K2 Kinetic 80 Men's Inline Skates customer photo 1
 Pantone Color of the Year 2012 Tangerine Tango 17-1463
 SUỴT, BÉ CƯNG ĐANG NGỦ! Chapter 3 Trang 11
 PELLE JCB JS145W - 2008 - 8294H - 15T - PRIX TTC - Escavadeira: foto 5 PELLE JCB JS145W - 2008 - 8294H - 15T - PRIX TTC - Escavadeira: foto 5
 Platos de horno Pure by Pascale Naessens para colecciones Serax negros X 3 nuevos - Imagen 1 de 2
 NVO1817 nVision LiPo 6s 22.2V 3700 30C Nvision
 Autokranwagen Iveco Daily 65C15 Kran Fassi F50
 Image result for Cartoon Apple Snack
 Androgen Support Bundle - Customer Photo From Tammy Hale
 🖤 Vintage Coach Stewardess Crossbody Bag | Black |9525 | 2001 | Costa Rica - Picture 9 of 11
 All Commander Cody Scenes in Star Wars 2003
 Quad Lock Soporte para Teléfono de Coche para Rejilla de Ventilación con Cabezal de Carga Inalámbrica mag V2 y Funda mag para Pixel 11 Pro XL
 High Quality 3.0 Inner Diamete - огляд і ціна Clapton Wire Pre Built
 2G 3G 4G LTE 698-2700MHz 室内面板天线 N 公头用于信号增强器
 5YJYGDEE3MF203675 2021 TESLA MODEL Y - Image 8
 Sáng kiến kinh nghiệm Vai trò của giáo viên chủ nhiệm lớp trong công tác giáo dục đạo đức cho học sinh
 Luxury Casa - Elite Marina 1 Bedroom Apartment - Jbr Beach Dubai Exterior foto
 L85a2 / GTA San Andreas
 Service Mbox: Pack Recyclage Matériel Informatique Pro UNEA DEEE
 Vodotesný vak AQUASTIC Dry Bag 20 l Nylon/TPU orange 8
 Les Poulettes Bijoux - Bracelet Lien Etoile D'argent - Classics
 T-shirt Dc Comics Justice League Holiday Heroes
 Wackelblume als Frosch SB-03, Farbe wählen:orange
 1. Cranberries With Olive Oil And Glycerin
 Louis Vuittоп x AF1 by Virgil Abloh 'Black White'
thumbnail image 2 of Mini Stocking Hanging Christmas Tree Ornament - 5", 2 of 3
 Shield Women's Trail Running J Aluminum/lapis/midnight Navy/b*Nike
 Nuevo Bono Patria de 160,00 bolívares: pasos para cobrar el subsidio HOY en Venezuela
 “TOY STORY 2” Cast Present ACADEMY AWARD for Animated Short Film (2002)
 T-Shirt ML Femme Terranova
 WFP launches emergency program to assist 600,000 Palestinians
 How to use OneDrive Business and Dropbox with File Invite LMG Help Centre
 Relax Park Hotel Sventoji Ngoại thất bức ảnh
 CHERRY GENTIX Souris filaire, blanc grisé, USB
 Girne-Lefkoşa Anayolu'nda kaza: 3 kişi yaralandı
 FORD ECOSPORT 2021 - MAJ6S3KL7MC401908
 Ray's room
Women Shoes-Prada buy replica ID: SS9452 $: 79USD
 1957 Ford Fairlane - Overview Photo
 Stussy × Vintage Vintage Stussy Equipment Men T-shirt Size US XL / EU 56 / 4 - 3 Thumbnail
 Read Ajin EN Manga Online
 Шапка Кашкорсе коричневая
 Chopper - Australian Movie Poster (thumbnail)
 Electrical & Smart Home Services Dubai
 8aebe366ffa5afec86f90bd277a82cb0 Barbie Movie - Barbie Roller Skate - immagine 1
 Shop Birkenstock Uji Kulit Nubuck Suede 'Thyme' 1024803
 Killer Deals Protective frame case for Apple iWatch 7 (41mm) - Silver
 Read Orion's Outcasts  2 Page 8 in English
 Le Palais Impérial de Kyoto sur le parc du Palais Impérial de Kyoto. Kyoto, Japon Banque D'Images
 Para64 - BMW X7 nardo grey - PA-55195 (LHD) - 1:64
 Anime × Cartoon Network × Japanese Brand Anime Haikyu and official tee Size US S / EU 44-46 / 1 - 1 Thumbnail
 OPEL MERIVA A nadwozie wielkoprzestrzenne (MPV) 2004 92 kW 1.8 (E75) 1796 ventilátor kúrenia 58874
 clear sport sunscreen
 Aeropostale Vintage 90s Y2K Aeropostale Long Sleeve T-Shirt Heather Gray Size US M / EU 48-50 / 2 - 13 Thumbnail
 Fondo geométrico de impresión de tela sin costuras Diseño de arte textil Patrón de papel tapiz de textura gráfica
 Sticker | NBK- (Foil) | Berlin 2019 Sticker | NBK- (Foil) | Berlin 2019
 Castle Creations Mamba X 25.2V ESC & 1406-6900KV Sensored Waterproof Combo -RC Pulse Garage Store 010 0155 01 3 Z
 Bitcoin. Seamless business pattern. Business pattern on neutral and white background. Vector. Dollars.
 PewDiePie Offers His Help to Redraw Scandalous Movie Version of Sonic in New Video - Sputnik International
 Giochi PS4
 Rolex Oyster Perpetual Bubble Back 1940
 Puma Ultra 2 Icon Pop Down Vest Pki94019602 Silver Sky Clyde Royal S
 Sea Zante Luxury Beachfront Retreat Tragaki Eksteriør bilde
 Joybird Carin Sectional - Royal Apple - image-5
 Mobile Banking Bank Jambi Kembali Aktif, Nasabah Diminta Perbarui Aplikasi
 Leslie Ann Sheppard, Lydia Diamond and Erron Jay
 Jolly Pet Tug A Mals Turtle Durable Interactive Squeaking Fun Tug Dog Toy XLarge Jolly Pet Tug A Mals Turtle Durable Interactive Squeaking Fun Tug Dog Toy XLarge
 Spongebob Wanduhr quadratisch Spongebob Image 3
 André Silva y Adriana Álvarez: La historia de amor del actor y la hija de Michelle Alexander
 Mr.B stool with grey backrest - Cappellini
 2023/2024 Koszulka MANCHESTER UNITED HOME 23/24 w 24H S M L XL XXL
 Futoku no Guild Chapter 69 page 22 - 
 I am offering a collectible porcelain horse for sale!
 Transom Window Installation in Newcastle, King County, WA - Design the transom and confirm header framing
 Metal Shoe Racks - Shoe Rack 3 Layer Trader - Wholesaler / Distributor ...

Exercise |
This exercise requires an exact copy of all the records.

Response to the task |
K2 Kinetic 80 Men's Inline Skates customer photo 1
 Pantone Color of the Year 2012 Tangerine Tango 17-1463
 SUỴT, BÉ CƯNG ĐANG NGỦ! Chapter 3 Trang 11
 PELLE JCB JS145W - 2008 - 8294H - 15T - PRIX TTC - Escavadeira: foto 5 PELLE JCB JS145W - 2008 - 8294H - 15T - PRIX TTC - Escavadeira: foto 5
 Platos de horno Pure by Pascale Naessens para colecciones Serax negros X 3 nuevos - Imagen 1 de 2
 NVO1817 nVision LiPo 6s 22.2V 3700 30C Nvision
 Autokranwagen Iveco Daily 65C15 Kran Fassi F50
 Image result for Cartoon Apple Snack
 Androgen Support Bundle - Customer Photo From Tammy Hale
 🖤 Vintage Coach Stewardess Crossbody Bag | Black |9525 | 2001 | Costa Rica - Picture 9 of 11
 All Commander Cody Scenes in Star Wars 2003
 Quad Lock Soporte para Teléfono de Coche para Rejilla de Ventilación con Cabezal de Carga Inalámbrica mag V2 y Funda mag para Pixel 11 Pro XL
 High Quality 3.0 Inner Diamete - огляд і ціна Clapton Wire Pre Built
 2G 3G 4G LTE 698-2700MHz 室内面板天线 N 公头用于信号增强器
 5YJYGDEE3MF203675 2021 TESLA MODEL Y - Image 8
 Sáng kiến kinh nghiệm Vai trò của giáo viên chủ nhiệm lớp trong công tác giáo dục đạo đức cho học sinh
 Luxury Casa - Elite Marina 1 Bedroom Apartment - Jbr Beach Dubai Exterior foto
 L85a2 / GTA San Andreas
 Service Mbox: Pack Recyclage Matériel Informatique Pro UNEA DEEE
 Vodotesný vak AQUASTIC Dry Bag 20 l Nylon/TPU orange 8
 Les Poulettes Bijoux - Bracelet Lien Etoile D'argent - Classics
 T-shirt Dc Comics Justice League Holiday Heroes
 Wackelblume als Frosch SB-03, Farbe wählen:orange
 1. Cranberries With Olive Oil And Glycerin
 Louis Vuittоп x AF1 by Virgil Abloh 'Black White'
thumbnail image 2 of Mini Stocking Hanging Christmas Tree Ornament - 5", 2 of 3
 Shield Women's Trail Running J Aluminum/lapis/midnight Navy/b*Nike
 Nuevo Bono Patria de 160,00 bolívares: pasos para cobrar el subsidio HOY en Venezuela
 “TOY STORY 2” Cast Present ACADEMY AWARD for Animated Short Film (2002)
 T-Shirt ML Femme Terranova
 WFP launches emergency program to assist 600,000 Palestinians
 How to use OneDrive Business and Dropbox with File Invite LMG Help Centre
 Relax Park Hotel Sventoji Ngoại thất bức ảnh
 CHERRY GENTIX Souris filaire, blanc grisé, USB
 Girne-Lefkoşa Anayolu'nda kaza: 3 kişi yaralandı
 FORD ECOSPORT 2021 - MAJ6S3KL7MC401908
 Ray's room
Women Shoes-Prada buy replica ID: SS9452 $: 79USD
 1957 Ford Fairlane - Overview Photo
 Stussy × Vintage Vintage Stussy Equipment Men T-shirt Size US XL / EU 56 / 4 - 3 Thumbnail
 Read Ajin EN Manga Online
 Шапка Кашкорсе коричневая
 Chopper - Australian Movie Poster (thumbnail)
 Electrical & Smart Home Services Dubai
 8aebe366ffa5afec86f90bd277a82cb0 Barbie Movie - Barbie Roller Skate - immagine 1
 Shop Birkenstock Uji Kulit Nubuck Suede 'Thyme' 1024803
 Killer Deals Protective frame case for Apple iWatch 7 (41mm) - Silver
 Read Orion's Outcasts  2 Page 8 in English
 Le Palais Impérial de Kyoto sur le parc du Palais Impérial de Kyoto. Kyoto, Japon Banque D'Images
 Para64 - BMW X7 nardo grey - PA-55195 (LHD) - 1:64
 Anime × Cartoon Network × Japanese Brand Anime Haikyu and official tee Size US S / EU 44-46 / 1 - 1 Thumbnail
 OPEL MERIVA A nadwozie wielkoprzestrzenne (MPV) 2004 92 kW 1.8 (E75) 1796 ventilátor kúrenia 58874
 clear sport sunscreen
 Aeropostale Vintage 90s Y2K Aeropostale Long Sleeve T-Shirt Heather Gray Size US M / EU 48-50 / 2 - 13 Thumbnail
 Fondo geométrico de impresión de tela sin costuras Diseño de arte textil Patrón de papel tapiz de textura gráfica
 Sticker | NBK- (Foil) | Berlin 2019 Sticker | NBK- (Foil) | Berlin 2019
 Castle Creations Mamba X 25.2V ESC & 1406-6900KV Sensored Waterproof Combo -RC Pulse Garage Store 010 0155 01 3 Z
 Bitcoin. Seamless business pattern. Business pattern on neutral and white background. Vector. Dollars.
 PewDiePie Offers His Help to Redraw Scandalous Movie Version of Sonic in New Video - Sputnik International
 Giochi PS4
 Rolex Oyster Perpetual Bubble Back 1940
 Puma Ultra 2 Icon Pop Down Vest Pki94019602 Silver Sky Clyde Royal S
 Sea Zante Luxury Beachfront Retreat Tragaki Eksteriør bilde
 Joybird Carin Sectional - Royal Apple - image-5
 Mobile Banking Bank Jambi Kembali Aktif, Nasabah Diminta Perbarui Aplikasi
 Leslie Ann Sheppard, Lydia Diamond and Erron Jay
 Jolly Pet Tug A Mals Turtle Durable Interactive Squeaking Fun Tug Dog Toy XLarge Jolly Pet Tug A Mals Turtle Durable Interactive Squeaking Fun Tug Dog Toy XLarge
 Spongebob Wanduhr quadratisch Spongebob Image 3
 André Silva y Adriana Álvarez: La historia de amor del actor y la hija de Michelle Alexander
 Mr.B stool with grey backrest - Cappellini
 2023/2024 Koszulka MANCHESTER UNITED HOME 23/24 w 24H S M L XL XXL
 Futoku no Guild Chapter 69 page 22 - 
 I am offering a collectible porcelain horse for sale!
 Transom Window Installation in Newcastle, King County, WA - Design the transom and confirm header framing
 Metal Shoe Racks - Shoe Rack 3 Layer Trader - Wholesaler / Distributor ...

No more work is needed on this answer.